Nova Scotia

Dalhousie nursing students call for more generous student loans, say they get $2K less

Some students say the financial strain is creating food and housing insecurity.

Most nursing students required to have cars, commute to hospitals for clinical placements

Lane Williams says without his 2 part-time jobs, he wouldn’t be able to afford nursing school. (Carolyn Ray/CBC)

Some nursing students at Dalhousie University in Halifax say they're being shortchanged on student loans because of the structure of their intensive program.

They say that — added with the unique financial needs of the program — is creating food and housing insecurity issues for some students.

Lane Williams, who is in his final year, describes himself as one of the "lucky" ones because he has two part-time jobs that are flexible and can accommodate the nursing program's demanding hours. The trade-off is 18-hour days. 

"There's some times you're up at 5:30 and you're not into bed until 11 at night or later, and then you're back up at 5:30 to get to clinical again," said Williams. "It can be challenging."

Without the money earned from his jobs as a teaching assistant and a research assistant, Williams said he wouldn't be able to make ends meet. 

$2,000 short in student loans

Recently, the Dalhousie University Nursing Society started to question why so many nursing students were feeling a financial strain. The society discovered they're given $2,000 less in student loans compared to other programs.

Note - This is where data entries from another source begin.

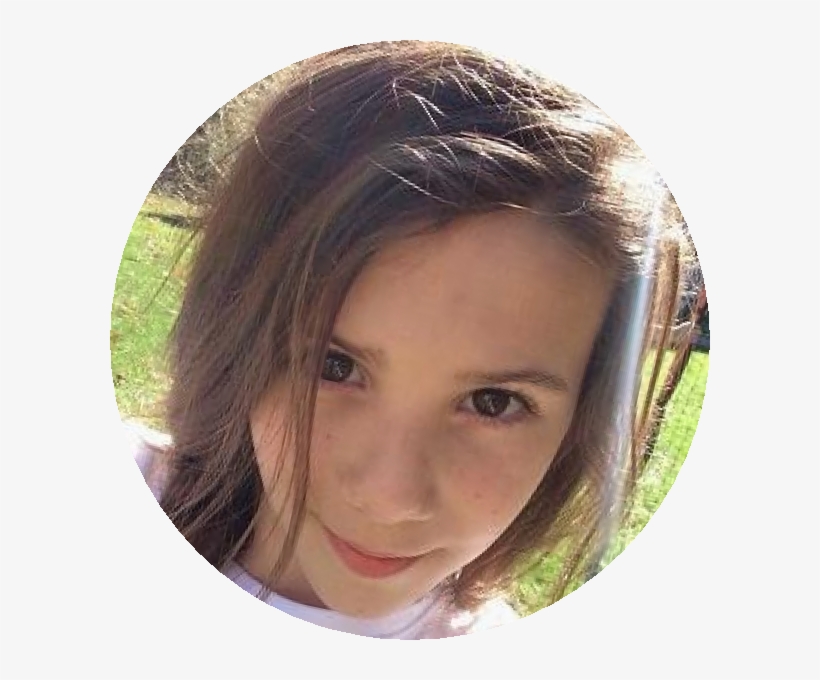 Simplyliv - Girl, transparent png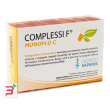 complessi f munoflu' c 30 compresse
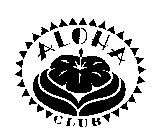 ALOHA CLUB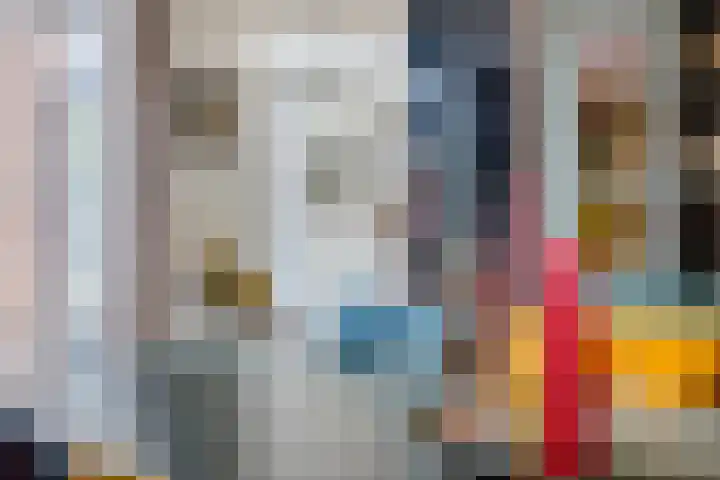 Van Egmondkade 66 Utrecht thumbnail 13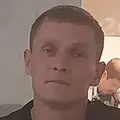 Я Олег, 39, из Соснового Бора, ищу знакомства без обязательств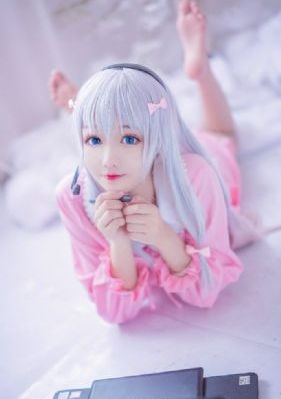 miss女教师k8经典网_蓝光在线视频观看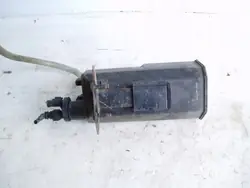 Filtro de carvão Renault OE 7700418166 - Usado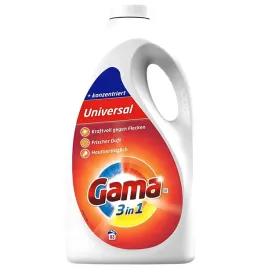 gama-zel-do-prania-3w1-uniwersalny-skuteczny-83-prania-373l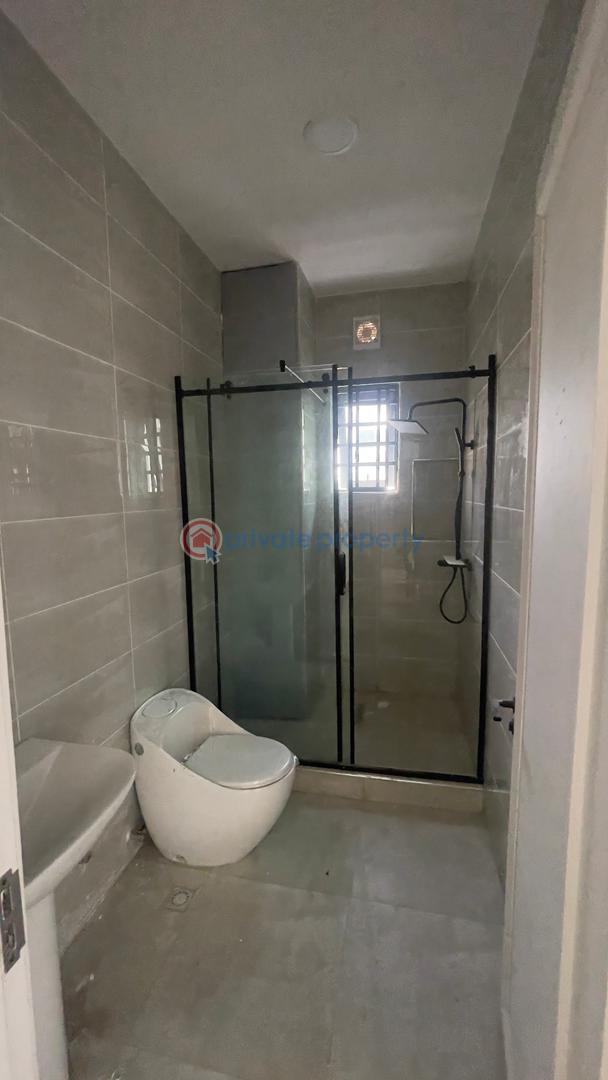 4 bedroom Terrace For Sale Oniru Victoria Island Lagos - 14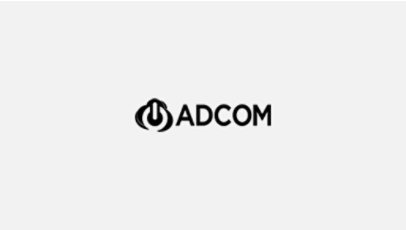 Adcom Data AS Kjedekontor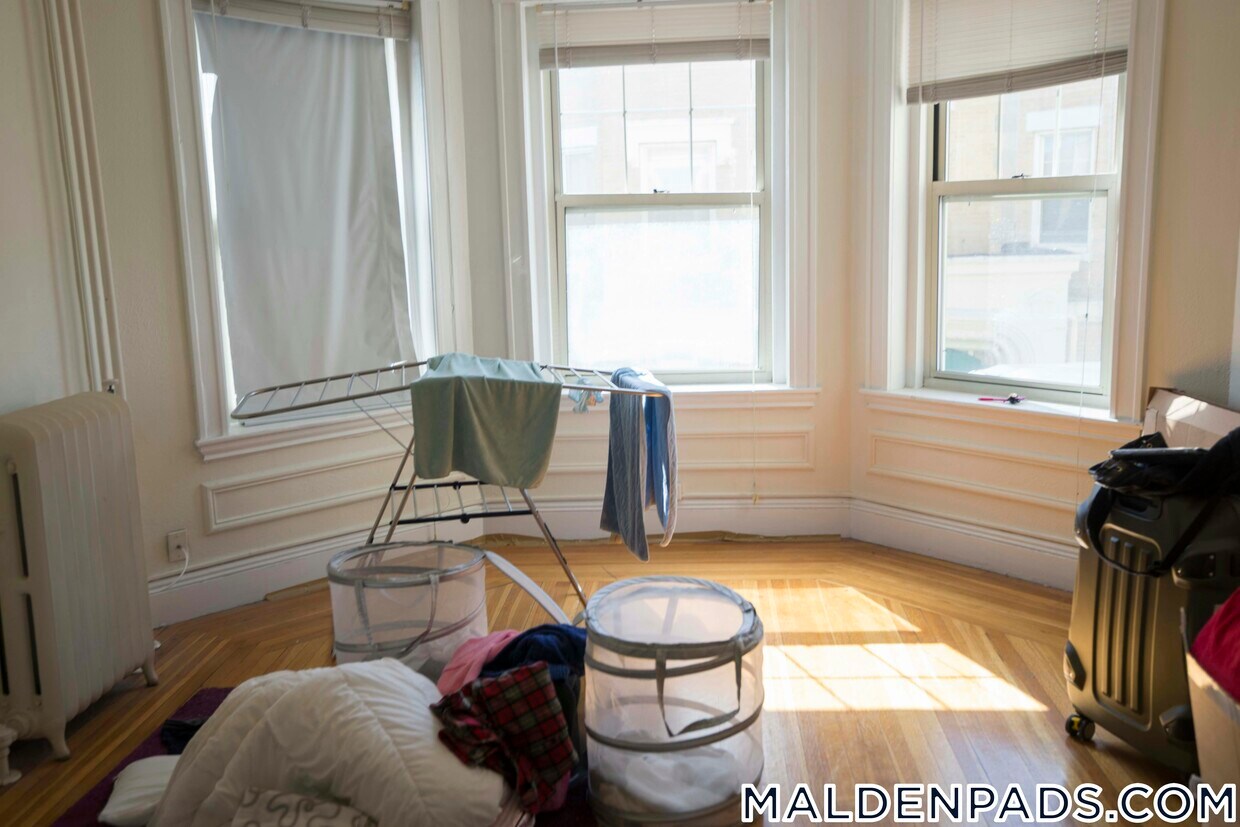 Foto principal - 90 Maple St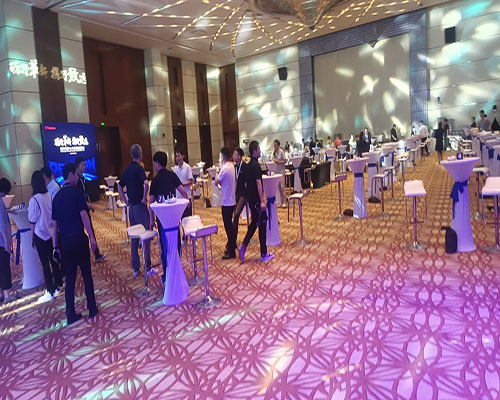 家具租赁 家具租赁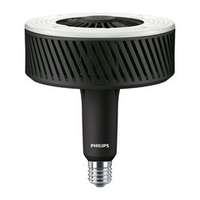 Philips LED lámpa (HPI-kiváltó) 140W- 400W E40 20000lm 840 220-240V AC 50000h 120° TForce LED HPI Philips - 929002351002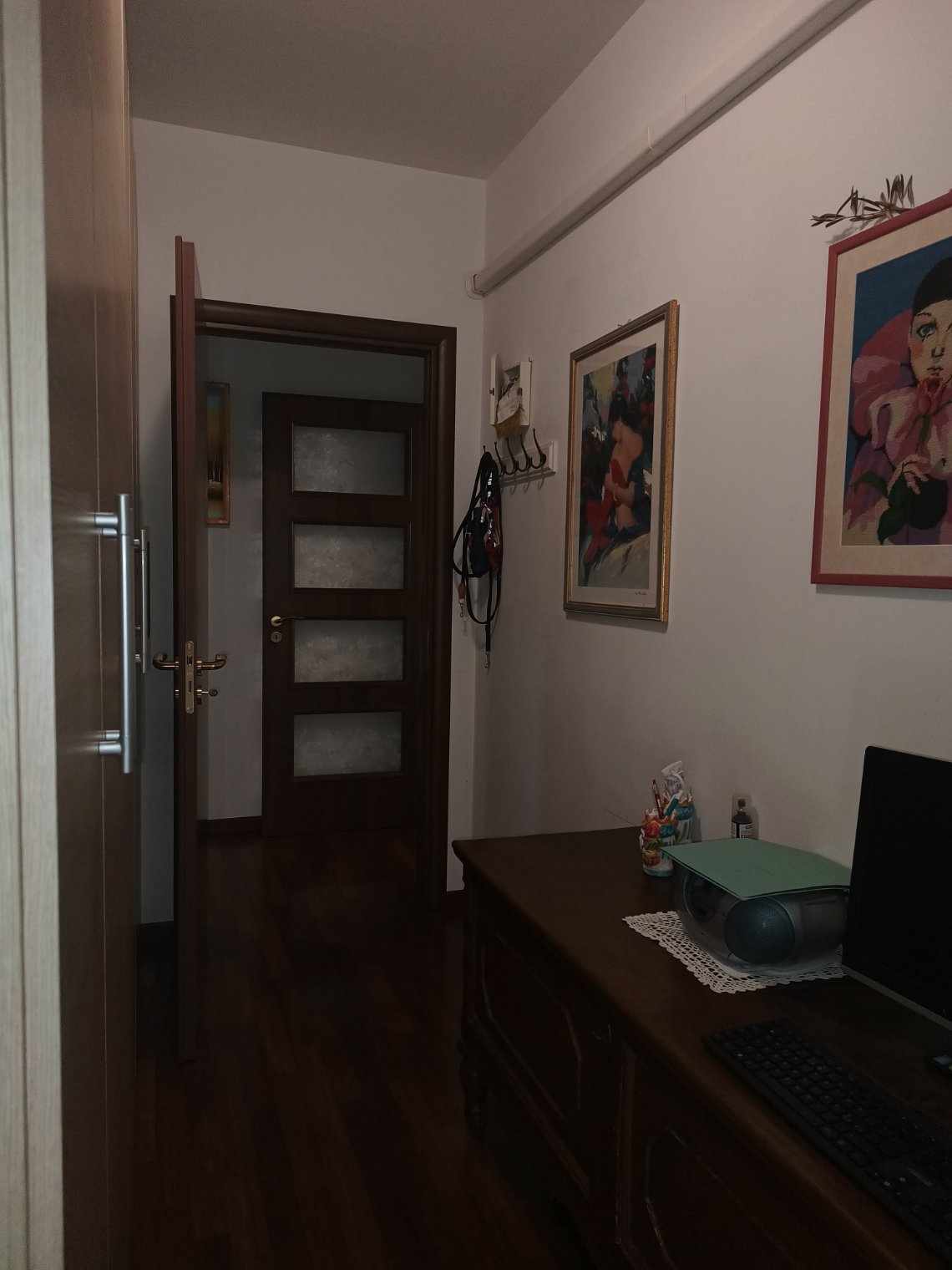 Foto 17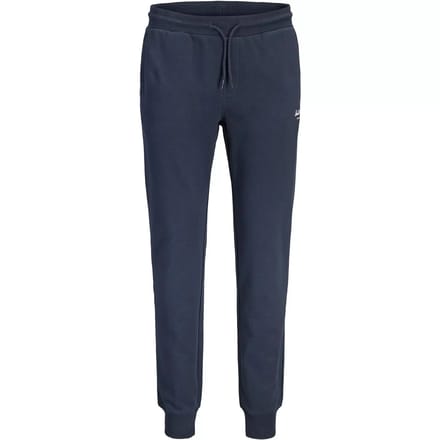 JACK&JONES - JPSTGORDON ARCHIVE SWEAT PANTS NOOS - Jongens - Broeken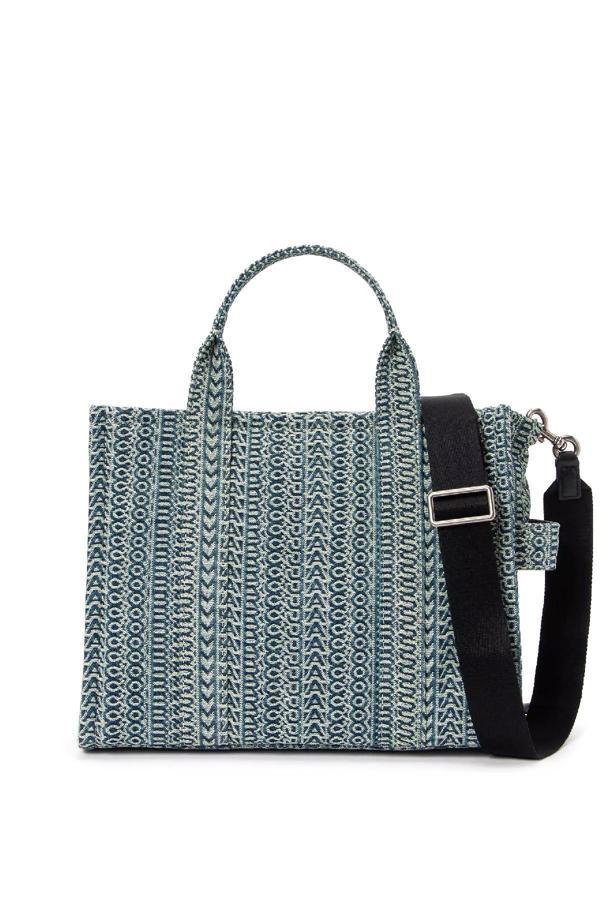Marc Jacobs Kadın Omuz Çantası 2P3HTT012H02 - Image 1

Because some of their studies take place in the summer, the student loans program calculates they're in class for 28 weeks — about four weeks less than a conventional school year. While they receive more money for their studies in the summer, it's not enough to make up for the loss.

The $2,000 discrepancy "might not seem like a lot," said Williams. "But when you're a student, in a program like ours where you don't have much time to work, even a few hundred dollars is a huge difference. That's a lot of months' worth of groceries."

Students do several clinical placements in hospitals, sometimes working 12-hour shifts on top of their studies. Often, they need to own a vehicle and pay for gas in order to commute to their placements, which can be in places such as Truro or Windsor.

Anika Daclan, co-chair of the Dalhousie Nursing Student Association, says some students face food and housing insecurity because there isn't enough financial aid in the nursing program. (Carolyn Ray/CBC)

On top of that, tuition has increased. 

"In everybody's life, finance is a big, big deal, but even more so when you have an erratic schedule, when you don't get paid for your 12 hours, when you are getting $2,000 less than other people in the university," said Anika Daclan, co-chair of the nursing society.

While there are programs that help cover tuition after graduation, Daclan said students need access to money beforehand so they can make it that far.

"It's a huge impact on us," she said. "There's not a lot of scholarships and bursaries at the school of nursing. That big burden of tuition is really on nursing students."

Premier Tim Houston has been speaking with health-care workers across the province. On Tuesday, he held a virtual meeting with nursing students who raised a number of concerns about their finances. (Robert Short/CBC)

On Tuesday, Daclan and Williams were able to raise the issue of student loans with Premier Tim Houston, who held an impromptu video meeting with nursing students from across the province.

"It was the first time I had heard of it," Houston told CBC News.

"I personally don't think people should be disadvantaged because of the structure of the program, so it's definitely something we're going to look at."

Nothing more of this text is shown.